The Dirty War, at its heart, was a war against political dissent. From 1976 to 1983, secret police, military forces, and death squads systematically hunted, tortured, and disappeared anyone who had connections (real or imagined) to socialism, communism, or leftist ideology. The victims of state violence could be anyone: students, artists, members of labor unions, teachers, journalists or writers. Nobody was safe.

The suffering in Argentina was hardly an isolated incident. The Dirty War was merely a part of Operation Condor. Under Operation Condor, the United States (mainly through the CIA) supported and facilitated state terrorism and oppression. We now know that CIA operatives were teaching torture techniques, providing financial assistance, and otherwise supporting the juntas.

The resistance of Argentines to the oppression they faced was remarkable.

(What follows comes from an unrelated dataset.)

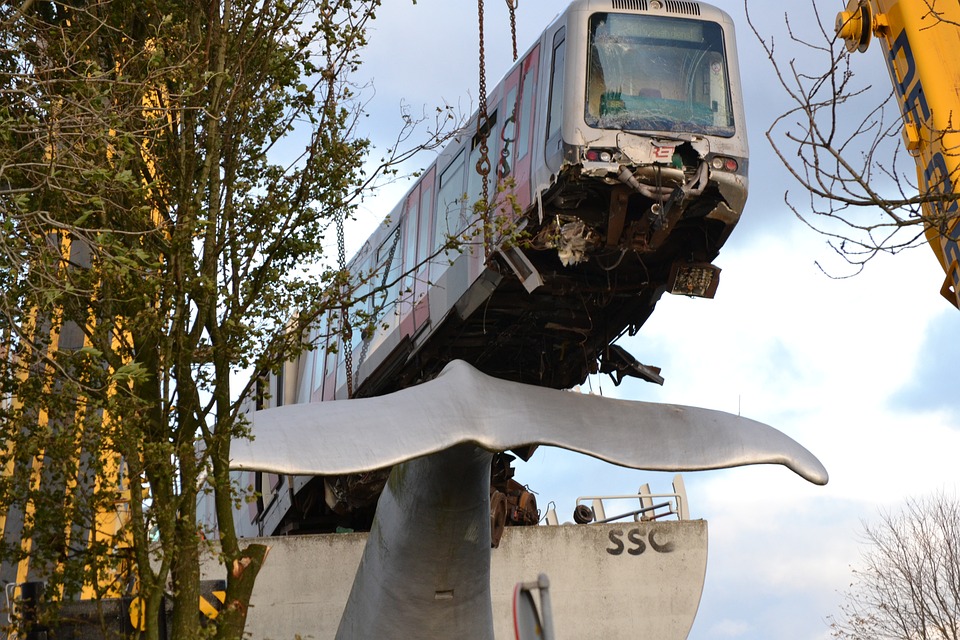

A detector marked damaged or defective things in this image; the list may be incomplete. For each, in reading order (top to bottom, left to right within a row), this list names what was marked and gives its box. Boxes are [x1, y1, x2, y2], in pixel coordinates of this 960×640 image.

broken windshield [584, 13, 736, 138]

Especially active were a group called the Asociación Madres de Plaza de Mayo (The Mothers of Plaza de Mayo.) These women fought for information about their disappeared children, at great personal risk. They gathered in the Plaza and held silent vigils for their missing children. The Madres are recognized as the first group to organize against the human rights abuses Argentines suffered under the Dirty War.

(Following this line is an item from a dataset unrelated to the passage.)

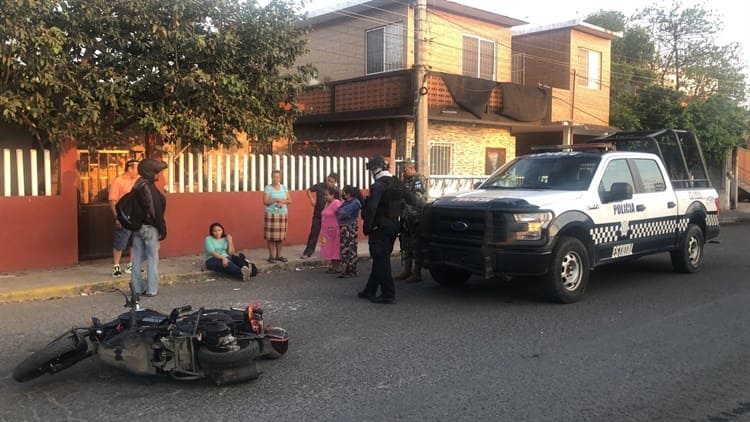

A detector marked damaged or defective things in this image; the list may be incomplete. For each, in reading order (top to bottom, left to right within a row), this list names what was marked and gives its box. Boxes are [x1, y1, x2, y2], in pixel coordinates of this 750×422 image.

overturned motorcycle [11, 284, 288, 386]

The tireless search these mothers undertook echoes the myth of Demeter and Persephone. Demeter is the Greek goddess of the harvest and Persephone is her daughter. One day, while Persephone was gathering flowers, she was kidnapped by Hades, the Lord of the Underworld. She vanished without a trace. Demeter, fraught with grief, searches endlessly for her lost child, only to learn that she is bound to the Underworld for six months. For half the year, Demeter and her daughter are reunited, but for the other half, Demeter is forced to wander the earth, searching for her child and hoping for her safe return.

Pom Tree Illustration by Meredith Spencer

Illustration by Meredith Spencer.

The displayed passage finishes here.